International Journal of Innovative Technology and Exploring Engineering - Special Issue ◽

10.35940/ijitee.g9038.0510721 ◽

2021 ◽

Vol 10 (7) ◽

pp. 122-126

Author(s):

Karthik C* Valliappan ◽

Vikram R

Keyword(s):

Mobile Robots ◽

Navigation System ◽

Reference Point ◽

Autonomous Navigation ◽

Low Cost ◽

Image Sensor ◽

Indoor Navigation ◽

Reference Points ◽

Field Of View ◽

Robot Position

An autonomous navigation system for a robot is key for it to be self-reliant in any given environment. Precise navigation and localization of robots will minimize the need for guided work areas specifically designed for the utilization of robots. The existing solution for autonomous navigation is very expensive restricting its implementation to satisfy a wide variety of applications for robots.
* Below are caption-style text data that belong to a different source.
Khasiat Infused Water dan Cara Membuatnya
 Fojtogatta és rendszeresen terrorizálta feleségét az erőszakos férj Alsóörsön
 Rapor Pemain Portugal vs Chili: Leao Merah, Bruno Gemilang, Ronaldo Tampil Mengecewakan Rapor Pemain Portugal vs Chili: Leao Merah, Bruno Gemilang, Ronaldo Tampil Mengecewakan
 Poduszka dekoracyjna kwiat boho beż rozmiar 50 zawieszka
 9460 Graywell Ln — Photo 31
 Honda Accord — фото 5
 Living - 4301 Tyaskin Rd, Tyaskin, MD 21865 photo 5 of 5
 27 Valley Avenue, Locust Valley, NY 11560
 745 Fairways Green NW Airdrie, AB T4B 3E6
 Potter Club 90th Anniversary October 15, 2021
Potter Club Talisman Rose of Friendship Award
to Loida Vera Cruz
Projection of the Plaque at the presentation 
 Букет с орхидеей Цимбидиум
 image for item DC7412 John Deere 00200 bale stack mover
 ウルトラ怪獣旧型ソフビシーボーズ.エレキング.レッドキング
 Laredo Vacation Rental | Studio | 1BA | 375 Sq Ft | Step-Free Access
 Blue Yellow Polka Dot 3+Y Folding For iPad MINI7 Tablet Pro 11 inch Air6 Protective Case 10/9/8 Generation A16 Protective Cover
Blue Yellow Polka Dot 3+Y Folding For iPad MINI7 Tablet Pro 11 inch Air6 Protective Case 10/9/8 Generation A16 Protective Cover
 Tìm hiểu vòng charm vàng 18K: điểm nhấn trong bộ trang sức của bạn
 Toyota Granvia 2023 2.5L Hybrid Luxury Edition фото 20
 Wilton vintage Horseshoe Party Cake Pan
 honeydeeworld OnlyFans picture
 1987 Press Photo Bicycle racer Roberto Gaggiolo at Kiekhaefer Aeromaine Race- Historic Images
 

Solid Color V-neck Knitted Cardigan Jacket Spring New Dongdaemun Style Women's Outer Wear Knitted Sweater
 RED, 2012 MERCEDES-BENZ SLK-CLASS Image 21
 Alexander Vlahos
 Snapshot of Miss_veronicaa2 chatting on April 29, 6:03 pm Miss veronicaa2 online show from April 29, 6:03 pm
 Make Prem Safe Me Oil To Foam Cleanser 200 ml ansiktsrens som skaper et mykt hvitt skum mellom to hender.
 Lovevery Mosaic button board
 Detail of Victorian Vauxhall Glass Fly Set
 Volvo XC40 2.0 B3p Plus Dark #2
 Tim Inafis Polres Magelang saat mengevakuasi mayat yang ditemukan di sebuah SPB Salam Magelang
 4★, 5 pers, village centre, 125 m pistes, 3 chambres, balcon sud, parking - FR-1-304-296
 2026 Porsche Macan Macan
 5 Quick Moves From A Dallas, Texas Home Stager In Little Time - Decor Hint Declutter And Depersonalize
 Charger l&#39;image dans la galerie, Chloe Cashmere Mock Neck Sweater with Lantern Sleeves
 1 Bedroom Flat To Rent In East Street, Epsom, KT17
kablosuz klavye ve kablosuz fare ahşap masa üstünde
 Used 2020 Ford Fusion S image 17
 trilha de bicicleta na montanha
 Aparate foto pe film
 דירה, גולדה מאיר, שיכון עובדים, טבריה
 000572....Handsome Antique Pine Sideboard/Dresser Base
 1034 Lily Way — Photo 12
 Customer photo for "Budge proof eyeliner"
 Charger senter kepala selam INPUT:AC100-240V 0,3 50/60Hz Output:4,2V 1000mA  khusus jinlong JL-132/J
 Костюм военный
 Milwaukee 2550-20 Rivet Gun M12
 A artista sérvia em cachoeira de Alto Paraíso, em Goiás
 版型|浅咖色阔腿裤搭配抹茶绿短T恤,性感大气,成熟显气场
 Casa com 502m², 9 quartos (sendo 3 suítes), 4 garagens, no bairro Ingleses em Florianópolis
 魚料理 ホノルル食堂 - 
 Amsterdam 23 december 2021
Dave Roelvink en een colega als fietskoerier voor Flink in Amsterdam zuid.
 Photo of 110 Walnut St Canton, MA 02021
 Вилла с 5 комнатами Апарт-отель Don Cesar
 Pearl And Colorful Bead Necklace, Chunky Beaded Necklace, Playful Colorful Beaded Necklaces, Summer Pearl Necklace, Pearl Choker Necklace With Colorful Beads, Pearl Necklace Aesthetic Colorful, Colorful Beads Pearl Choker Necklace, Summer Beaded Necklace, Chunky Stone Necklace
This project aims to develop a low-cost methodology for complete autonomous navigation and localization of the robot. For localization, the robot is equipped with an image sensor that captures reference points in its field of view. When the robot moves, the change in robot position is estimated by calculating the shift in the location of the initially captured reference point. Using the onboard proximity sensors, the robot generates a map of all the accessible areas in its domain which is then used for generating a path to the desired location. The robot uses the generated path to navigate while simultaneously avoiding any obstacles in its path to arrive at the desired location.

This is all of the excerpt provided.